Requirement> Only the pictures should be dropped; copy the rest of the entries exactly.

[Opening Data to process section]

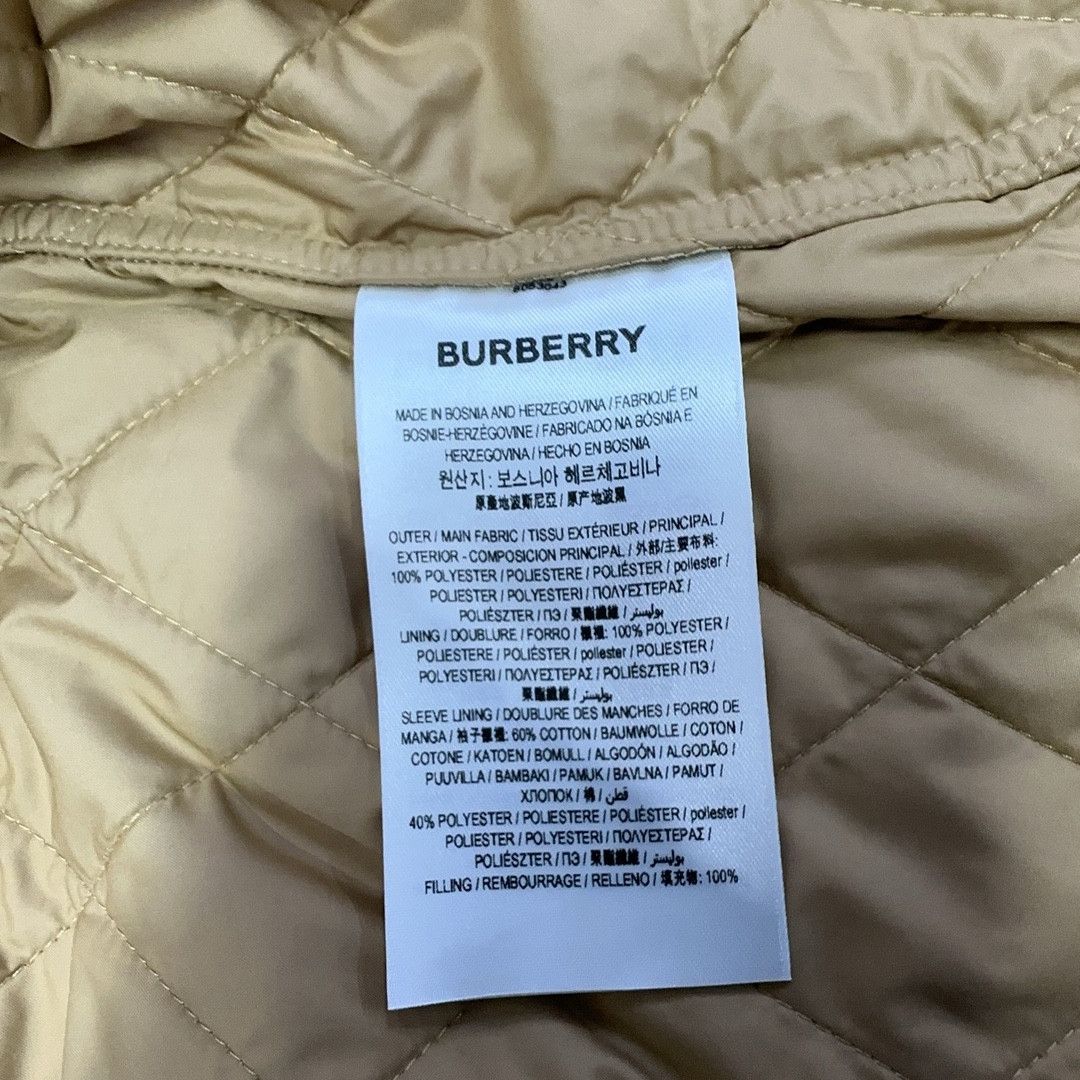 Burberry Burberry Quilted Double Breasted Coat Size S Size S / US 4 / IT 40 - 5 Thumbnail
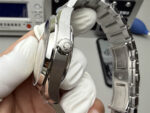 Omega Seamaster 220.10.41.21.02.001 41mm Silver Dial Top Clone - Image 6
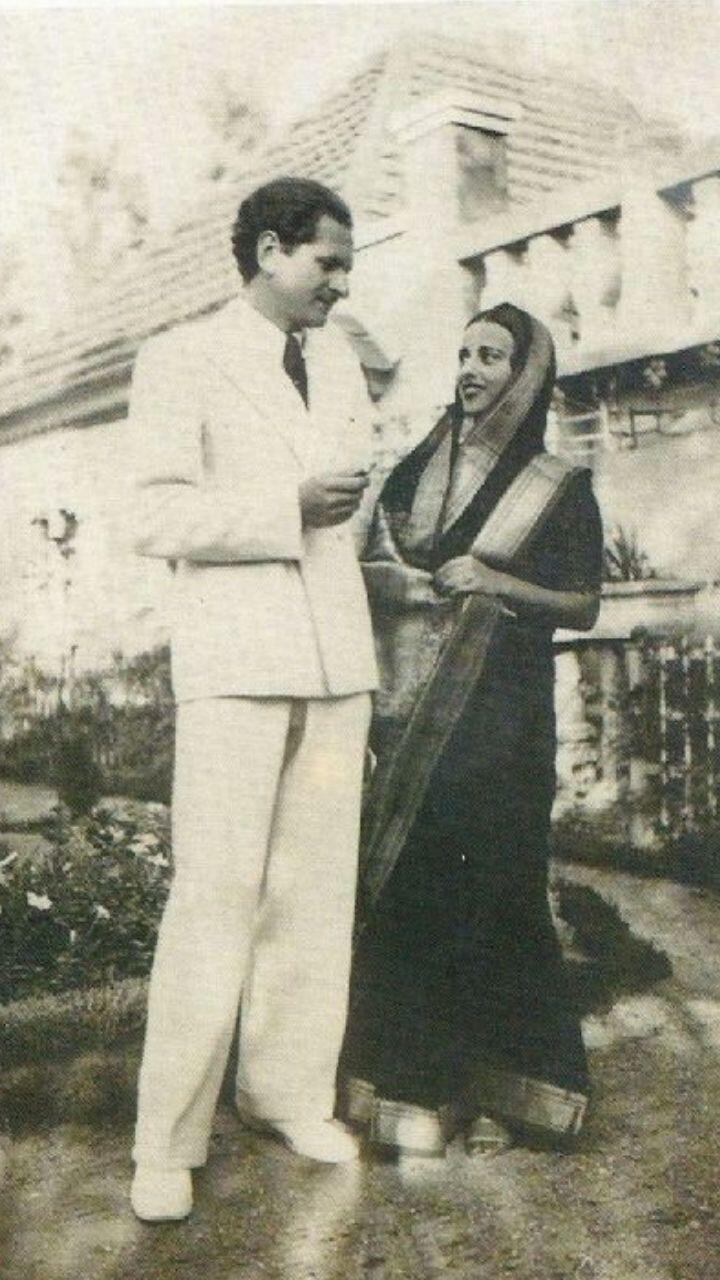 Viktor Egan Amrita Sher-Gil's husband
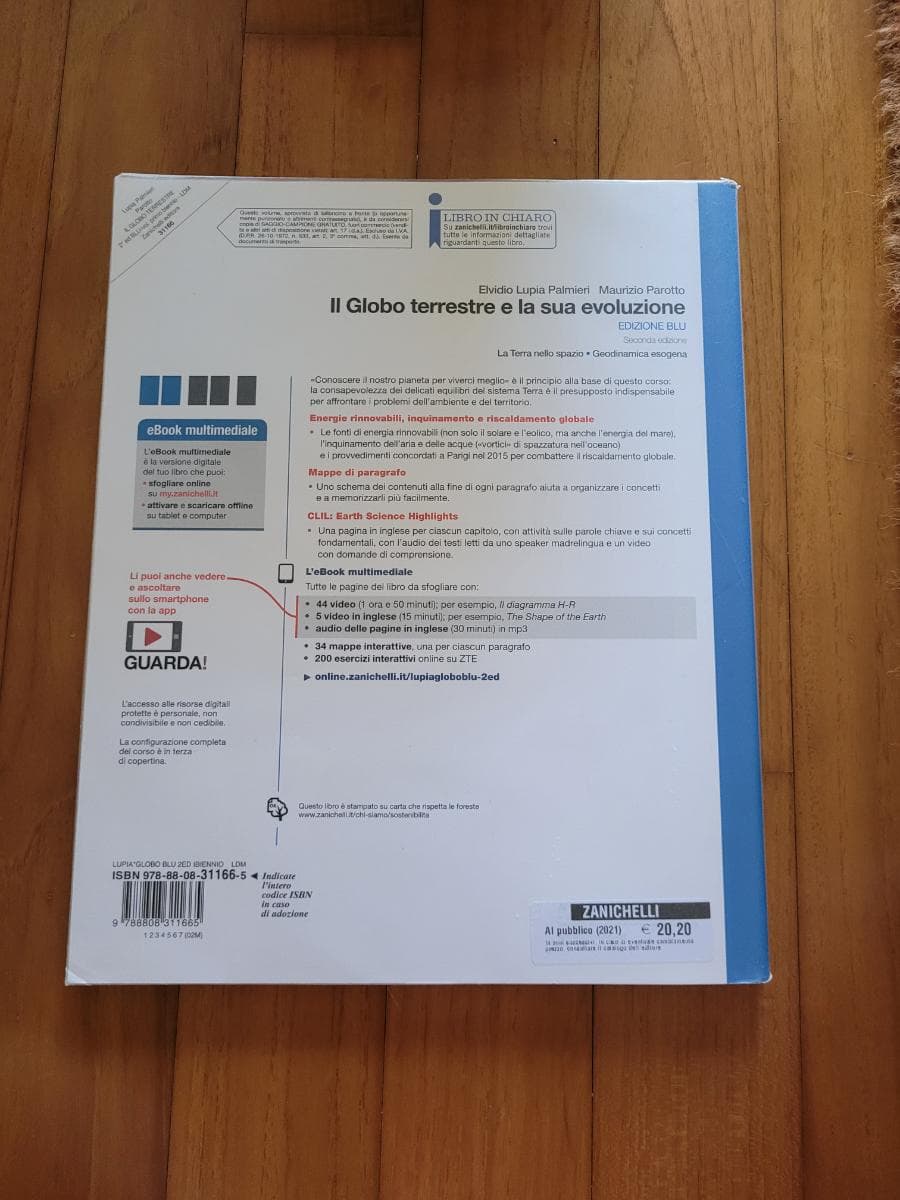 GLOBO TERRESTRE E LA SUA EVOLUZIONE (IL) - ED. BLU 2ED. (LDM) - foto 2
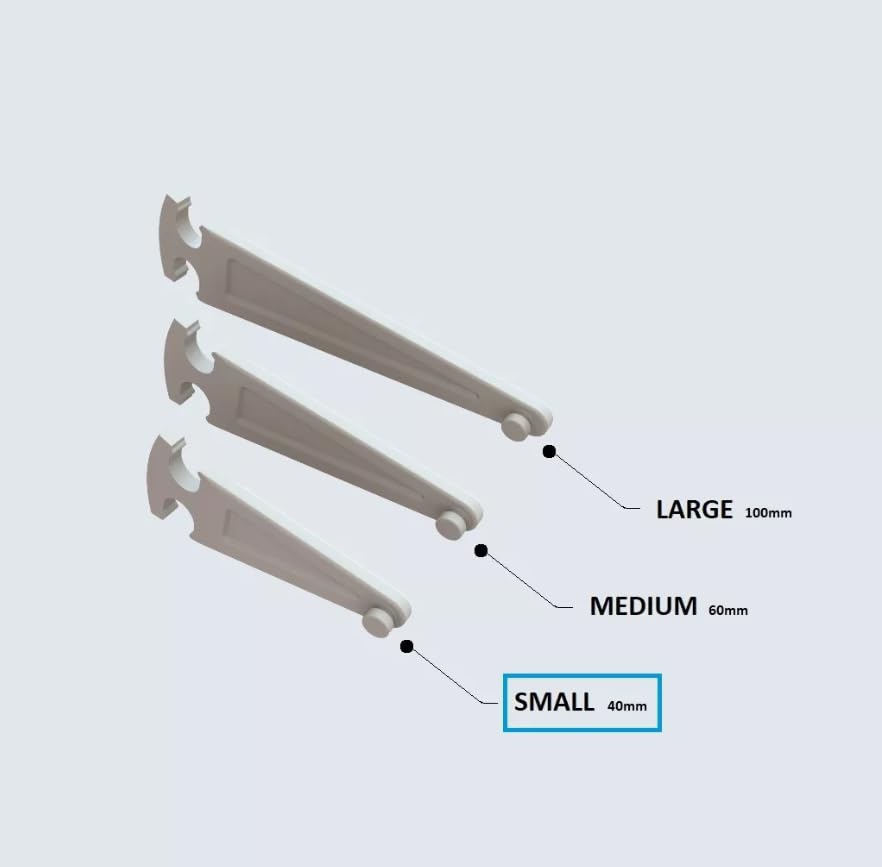 Window Restrictor SMALL 40mm for UPVC Frames for Cats and Pets pack of two. Cat Guard, White - Marble Effect - Image 3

[Closing Data to process section]

Written response>
 Burberry Burberry Quilted Double Breasted Coat Size S Size S / US 4 / IT 40 - 5 Thumbnail
 Omega Seamaster 220.10.41.21.02.001 41mm Silver Dial Top Clone - Image 6
 Viktor Egan Amrita Sher-Gil's husband
 GLOBO TERRESTRE E LA SUA EVOLUZIONE (IL) - ED. BLU 2ED. (LDM) - foto 2
 Window Restrictor SMALL 40mm for UPVC Frames for Cats and Pets pack of two. Cat Guard, White - Marble Effect - Image 3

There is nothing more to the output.